Increased spending on enterprise telephony by banking and financial institutions, universities, hotels, and transportation has halted the slide of the market and placed it back on the growth path. Small- and medium-sized businesses (SMBs) have also begun to show an active interest in enterprise telephony solutions, specifically in technologies that helps them reduce their overall ownership cost and telecommunication bills.

“The market is poised to reverse the negative trends of the recent past, as customers have stated demanding unified communication (UC) solutions, specially video and web conferencing,” says Frost & Sullivan Industry Manager Shailendra Soni. “This is because the ability of high-end video conferencing solutions to act as a substitute for face-to-face meetings which is helping enterprises lower travelling budgets and improve the productivity of their employees”, the expert added.

Telephony vendors have shown resilience in staving off challenges such as uncertainty in decision making, long sales cycle and budget constraints. They created a case for their products by presenting return on investment (ROI) documents, marketing messages highlighting faster ROI, and introducing financial schemes to hasten the adoption of IP telephony systems.
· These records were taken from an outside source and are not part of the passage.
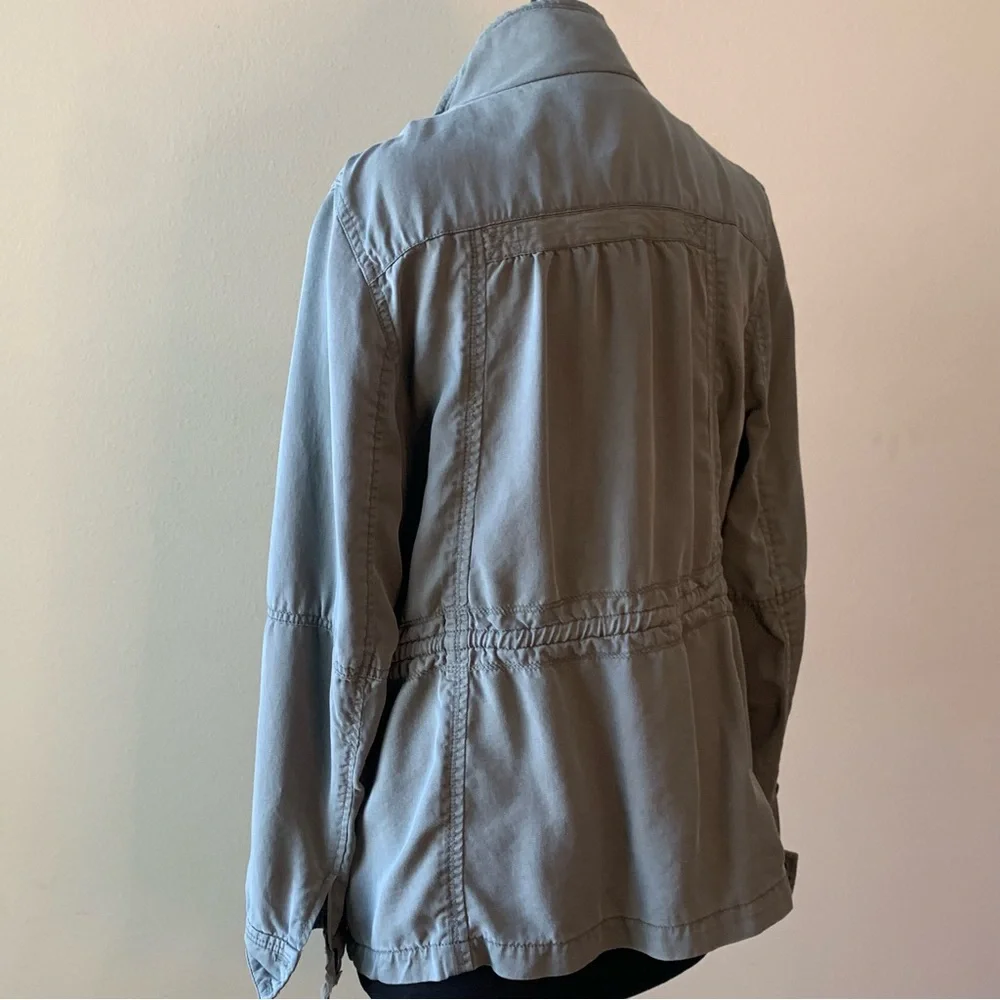 Women's Light Gray Utility Field Jacket - Unbranded
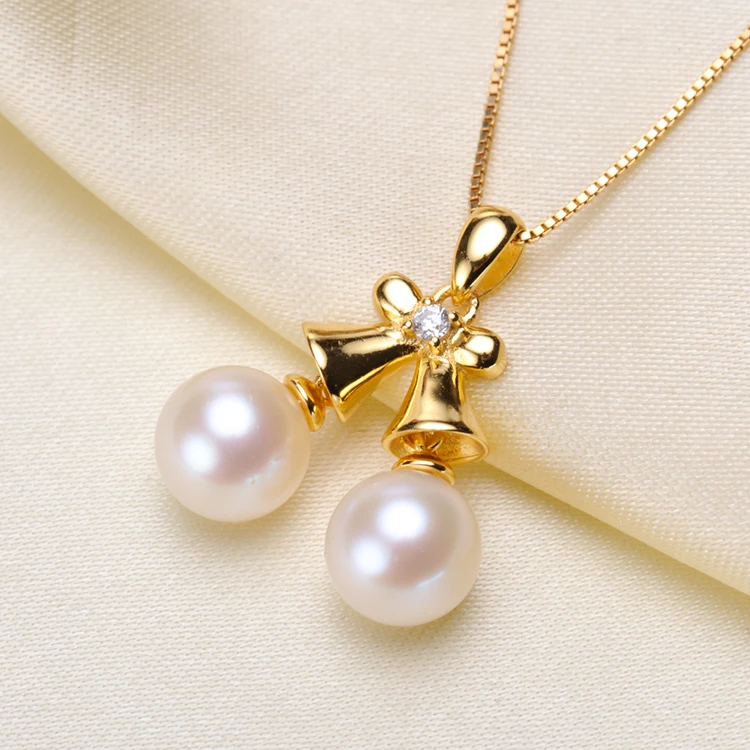 3 шт. жемчужные подвески в виде колокольчика джунглей из серебра 925 пробы |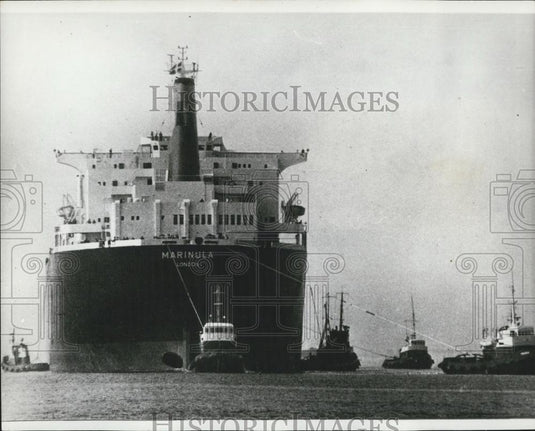 1968 Press Photo 'Marinula' ,Biggest ship ever built in Scandinavia - Historic Images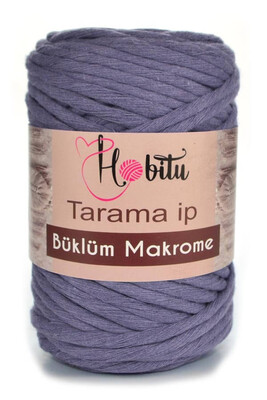 HOBITU BUKLUM TARAMA COTTON MACROME CARD YARN 177 Spirit Purple - Thumbnail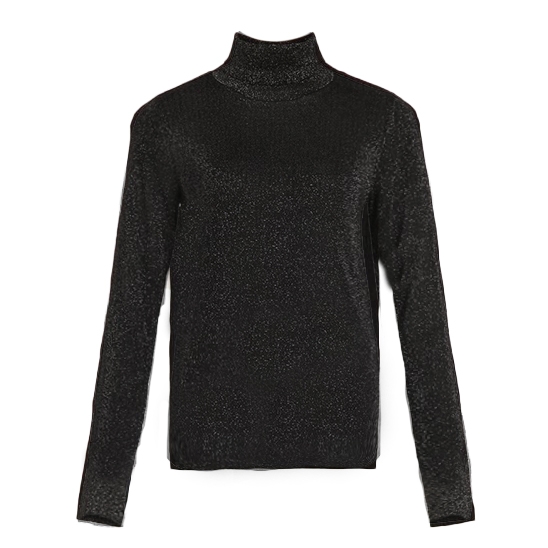 COLTRUI RIB LUREX ZWART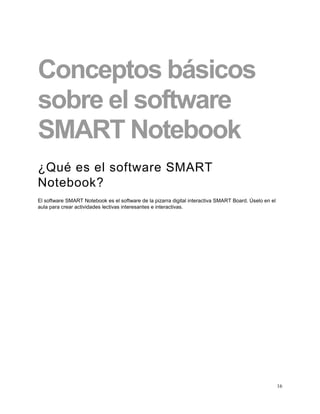 Formación sobre smart notebook para usuarios del pdi | PDF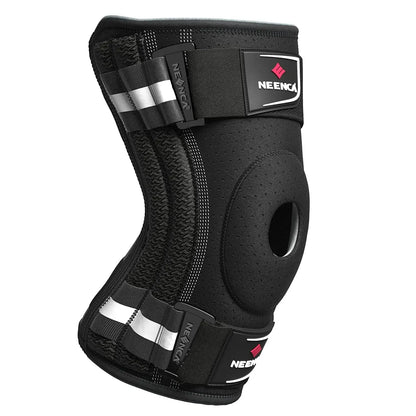 Adjustable Hinged Knee Support with Dual Side Stabilizers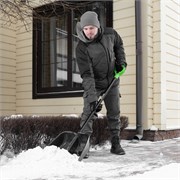 Лопата для уборки снега пластиковая Profi, 550 х 415 х 1405 мм, алюминиевый черенок, Palisad 11296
Vendors and channel partners also had to strategize for an overall erosion in prices, which were reduced by 10 to 20 percent due to high discounts offered by industry participants. As these price cuts, along with budget constraints, could squeeze their profit margins, they resorted to create product bundles that particularly got the attention of medium-sized businesses. They are also battling the low availability of in-house resources to manage IP telephony and UC products by offering free or low-budget training and proactively offering solutions over the managed and hosted environment.

“Tier 2 vendors have to move from just selling ‘box’ solutions to offering convergence solutions that include user-based UC applications,” notes Soni, adding “Investments in channel training and the development of strong marketing collaterals that clearly illustrate rapid ROI are critical for successfully selling IP telephony solutions.”